Desairado por tan imprevisto giro del destino, Fraga se puso Iribarne y dejó de lado sus posiciones liberales para escorarse hacia la derecha más extrema con la formación de una alianza electoral en la que figuraban hasta siete exministros de Franco. Rápida e irónicamente bautizada con el peliculero título de Los Siete Magníficos, aquella primera Alianza Popular tuvo un éxito perfectamente descriptible en las urnas. En las primeras elecciones de junio de 1977 obtuvo una menos que magra cosecha de 16 escaños: cuatro menos, por ejemplo, que el Partido Comunista de Santiago Carrillo.

De aquel escarmiento sacó Fraga una rápida lección. Aprovechó la debacle electoral para librarse -con su habitual empuje- de los magníficos dinosaurios que le habían acompañado en la aventura y reconvertir su fracasada alianza neofranquista en un partido de derecha dura, pero tradicional. Para que el giro quedase del todo claro, no dudó en presentar a Santiago Carrillo en el Club Siglo XXI, entre el escándalo de los franquistas y el asombro de los demócratas en general.

Con el paso de los años y la quiebra de la UCD de Suárez, aquella nueva Alianza Popular acabó por convertirse en el partido de referencia de la derecha democrática. Al contradictorio Fraga, capaz de una cosa y la contraria, se le atribuyó desde entonces el mérito, no pequeño, de haber bajado a la derecha española del monte en el que tan a menudo había vivaqueado a lo largo de la Historia para integrarla en los usos parlamentarios de Europa.

Aun así, no tardaría en hacerse evidente que el exministro de Franco tenía un techo electoral que lo invalidaba como candidato a presidir algún día el Gobierno. Un periodista británico diría años después que Fraga fue "el mejor primer ministro que España nunca tuvo", aunque se tratase de un mero juego de palabras.

Consciente de esa imposibilidad, Fraga organizó por dos veces su sucesión -primero con Hernández Mancha y luego con Aznar-, antes de ganar una última batalla de orden menor en la presidencia de Galicia. En su trono de Compostela se desquitaría de anteriores desencantos con la creación de todo un virreinato basado en la desmesura y la heterodoxia.

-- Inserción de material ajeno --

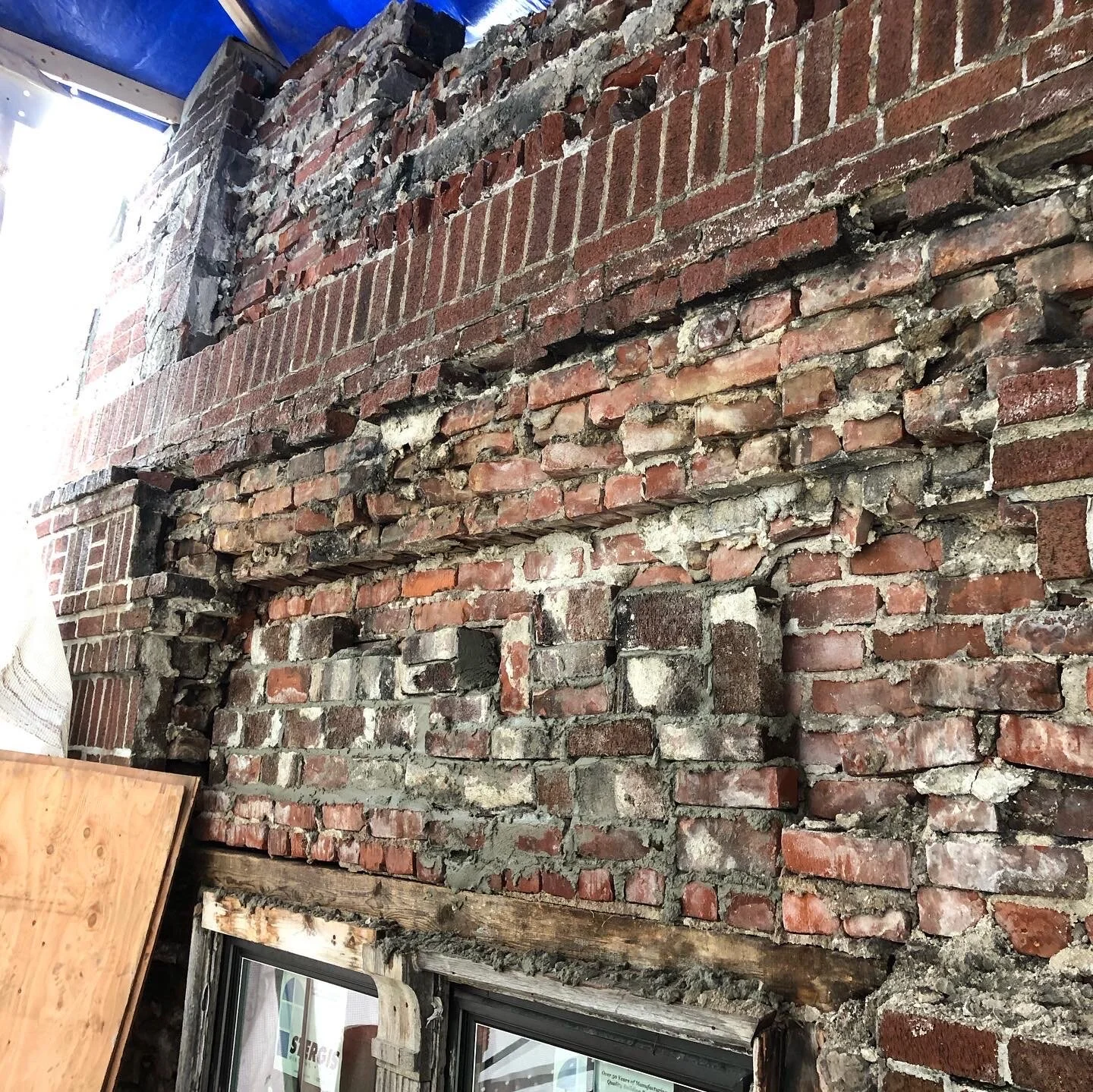 Close-up of a deteriorating brick wall with exposed mortar and bricks in various stages of decay. A blue tarp partially covers the structure above, and there is a wooden frame at the bottom.
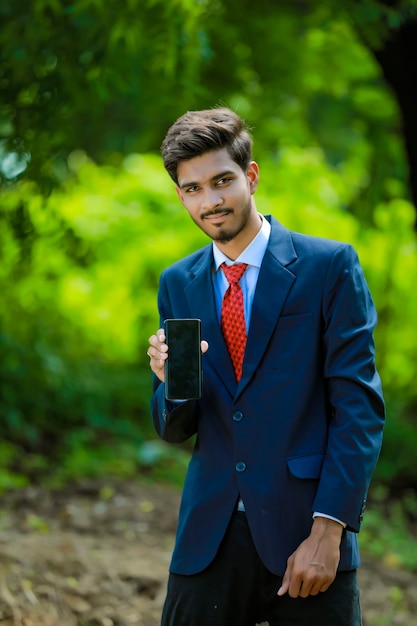 Hombre de negocios feliz con smartphone al aire libre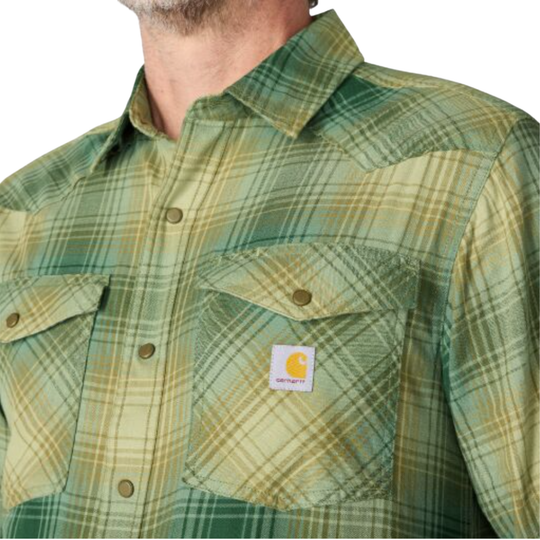 Man wearing Carhartt Men's Montana Rugged Flex Relaxed Fit Lightweight Long Sleeve Plaid Shirt - Faded Fatigue on a plain white background. Zoomed into Carhartt logo and button up.
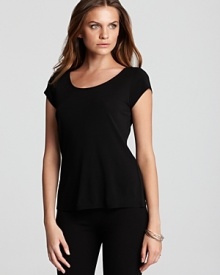 A classic tee, given a luxurious update in luxurious pure silk. Team this Eileen Fisher creation with dark denim and pointed pumps for day. A classic tee, given a luxurious update in luxurious pure silk. Team this Eileen Fisher creation with dark denim and pointed pumps for day.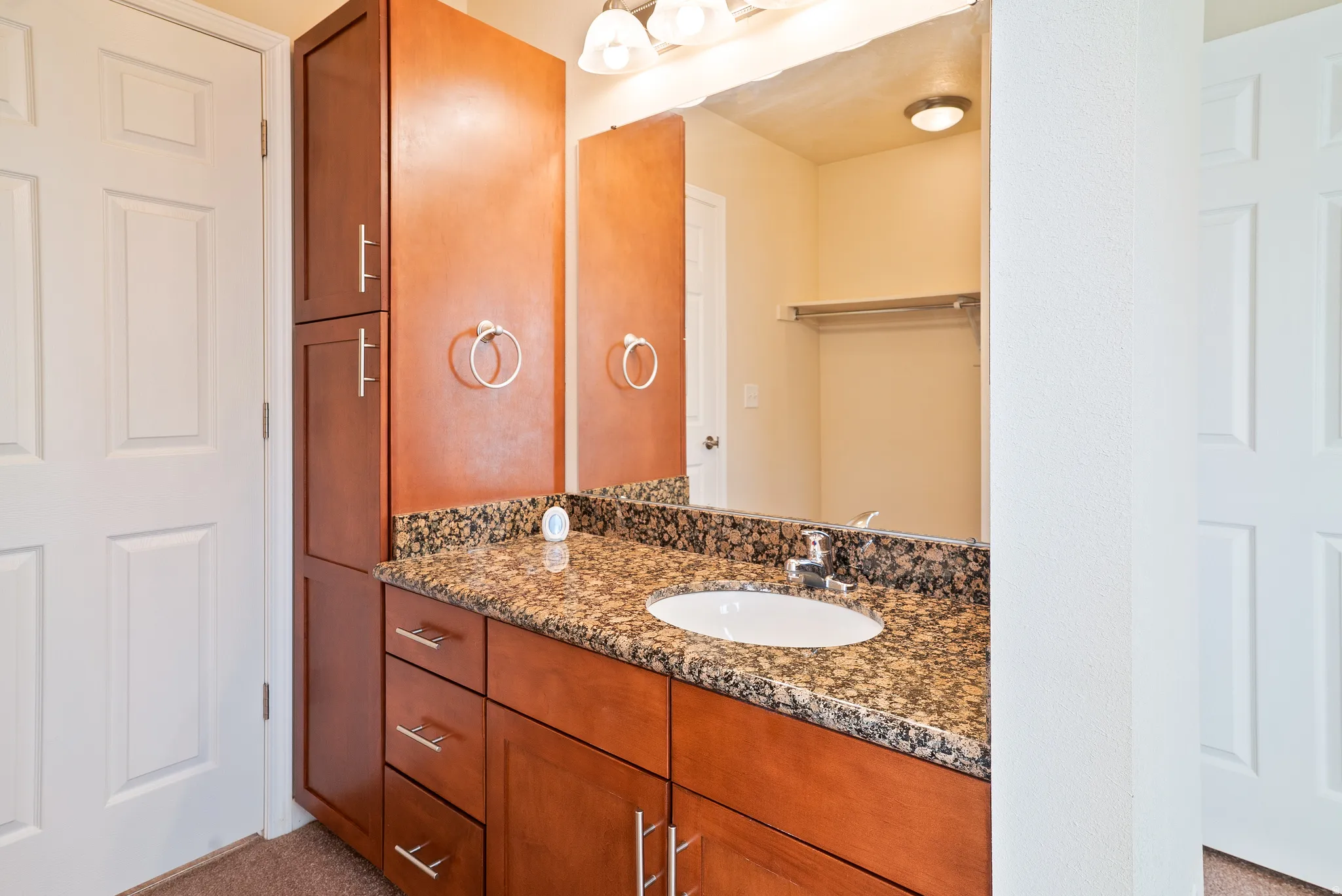 Bathroom featuring vanity and privacy door to hall bath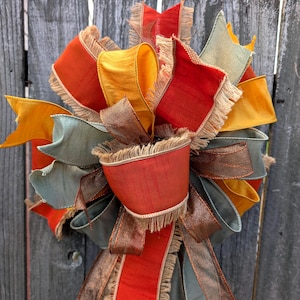 May include: A decorative bow constructed from multiple layers of wired ribbon in shades of burnt orange, mustard yellow, sage green, and metallic bronze. The ribbon edges feature a frayed, textured fringe detail throughout the entire arrangement.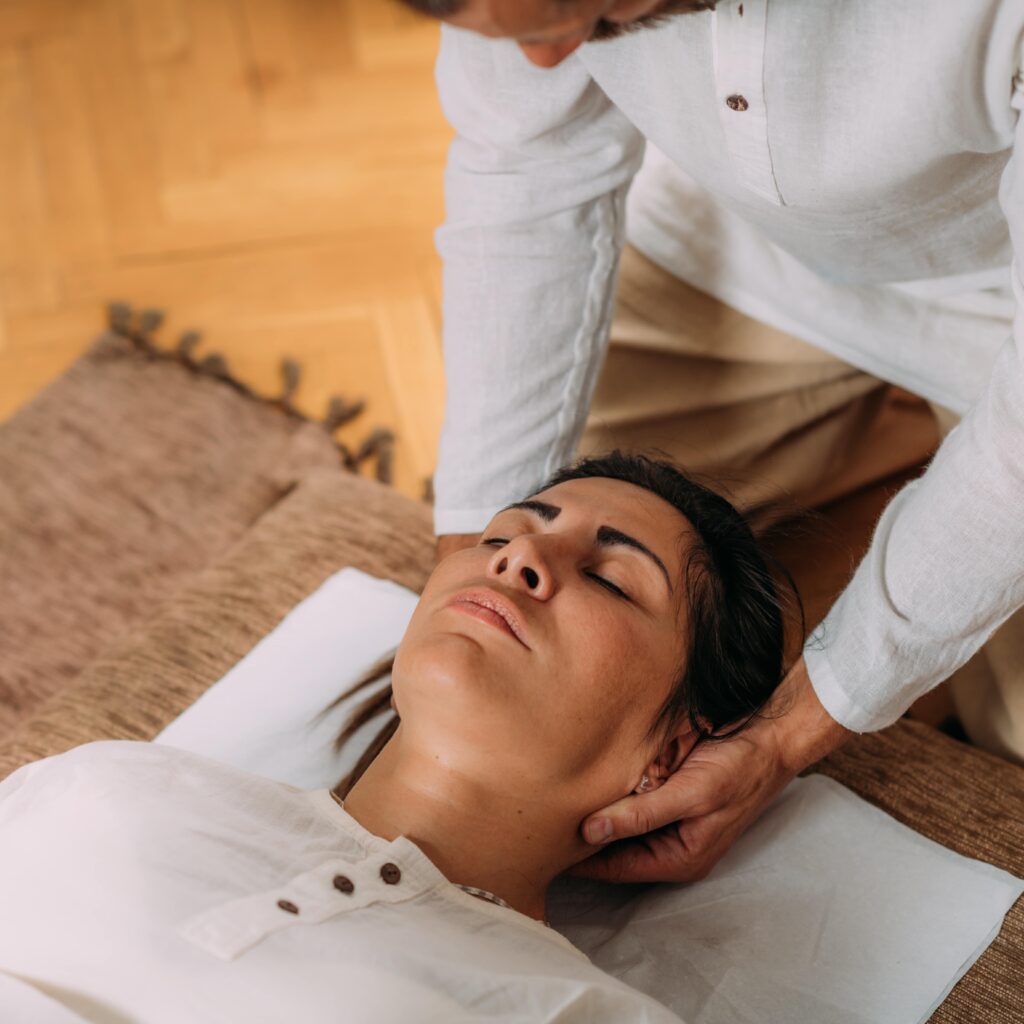 Remedial massage. a young lady getting massage on her neck. She is wearing a white top. The setting is a timber floor and brown table to lye on.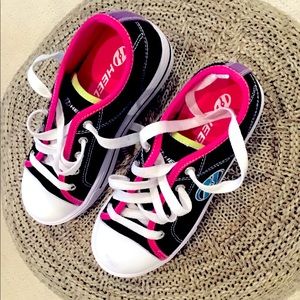 These are black Heelys in size 2Y.
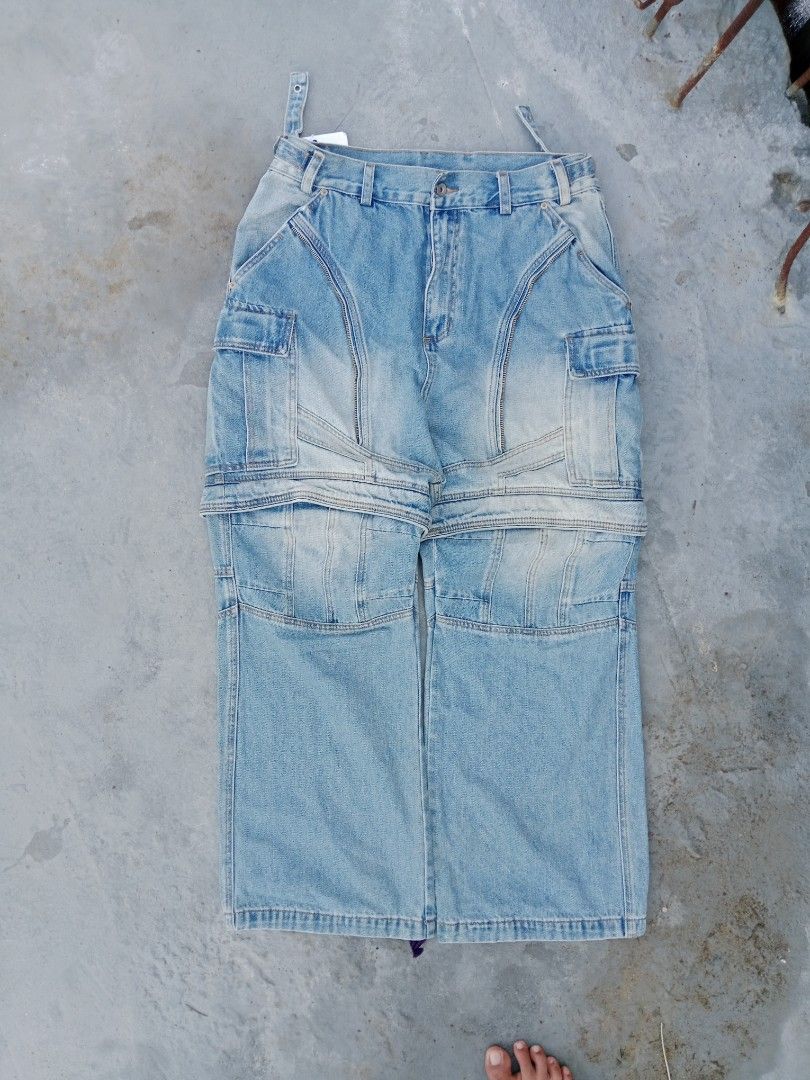 MUYI Detachable Jeans - Size 36 (Category: Jeans) located in Tanza. Submitted by llcoolj. (Listing ID 1428446205, Image 1). Description: Stylish detachable jeans from MUYI. Features a light blue wash and cargo pockets. The jeans can be converted into shorts. Size 36. Includes original tags. Made in Guangzhou, China. The jeans have a unique design with a zip-off feature, allowing for versatile wear. Perfect for a casual and trendy look..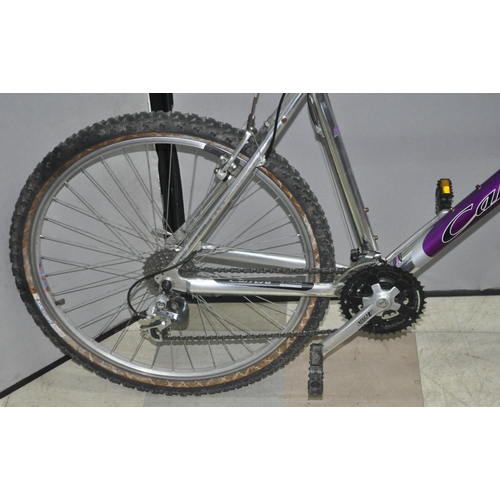 24 - CARRERA GRYPHON 21 SPEED MOUNTAIN BIKE WITH FRONT SHOCKS AND DISC BRAKES - 17INCH BETWEEN CENTRE OF ... 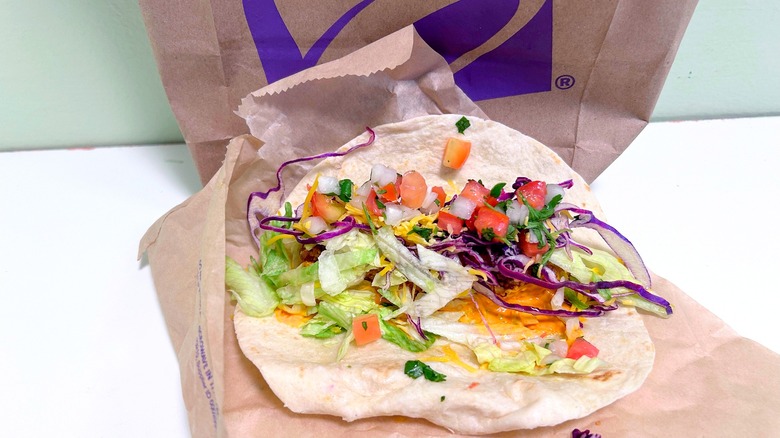 A Crispy Chicken Taco opened up so the insides show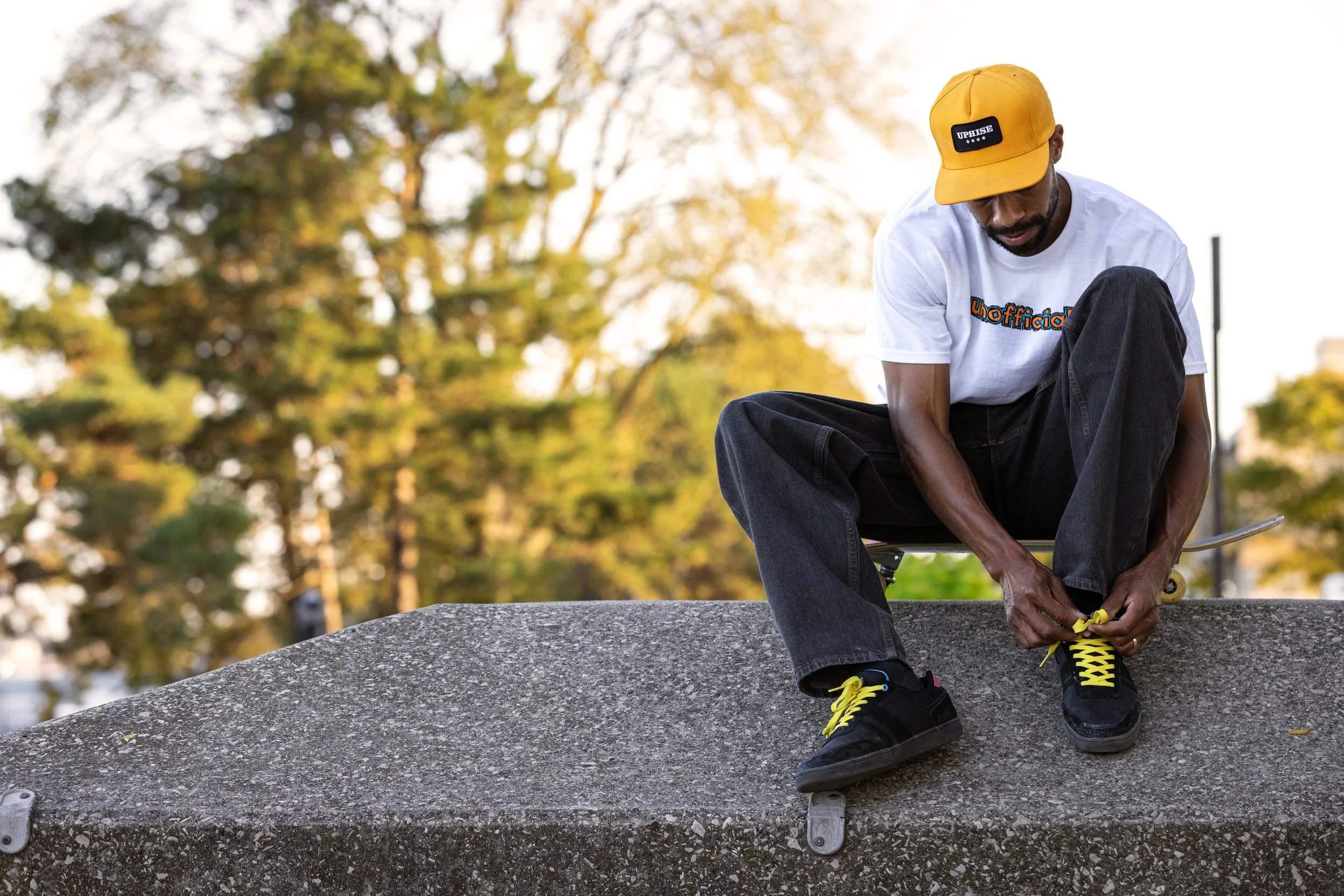 Timmy tying shoe on ledge at Pine Grove portrait.jpg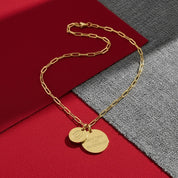 Gold chain necklace with two round pendants on a red and gray background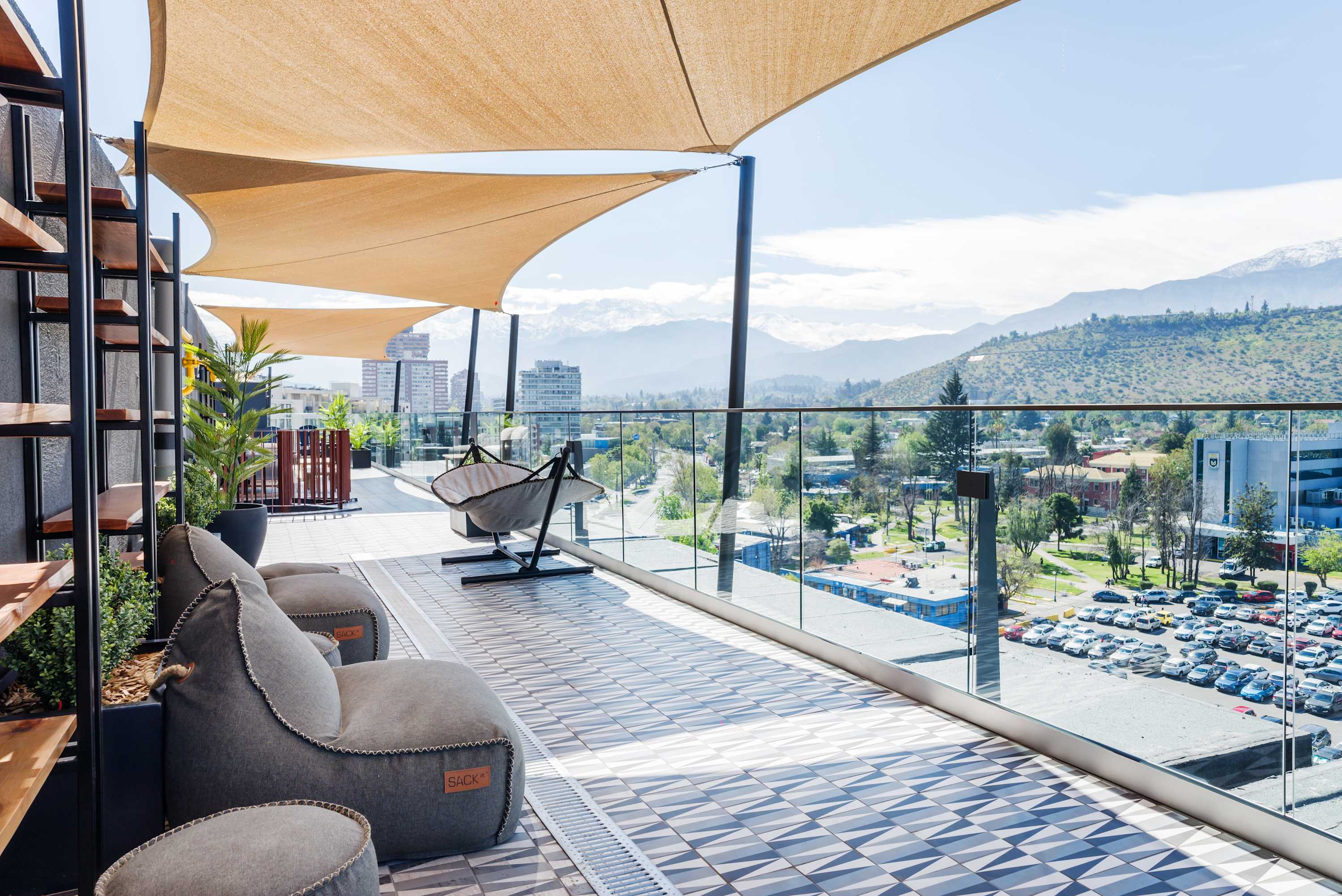 Relax on the stylish terrace with panoramic city and mountain views. Perfect for unwinding and enjoying the scenery. (Common Area)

Diseñó su propia política de Asuntos Exteriores con viajes a la Cuba de Castro y al Irán de los ayatolás; abogó por un régimen federal de Administración Única que desbordaba las costuras de la autonomía y, en general, estiró los límites de una presidencia que no era exactamente la que deseó toda su vida.

Populista e ilustrado, Fraga fue un político abundante en contradicciones. Exministro de Franco y colega de partidas (de dominó) con Fidel Castro; padre de la actual Constitución y también activo jefe de Propaganda del Caudillo; culto titular de varias cátedras y a la vez teórico del precio de los garbanzos en el Congreso. Un político de carácter que hoy estaría fuera de época. Aunque solo hayan pasado cinco años.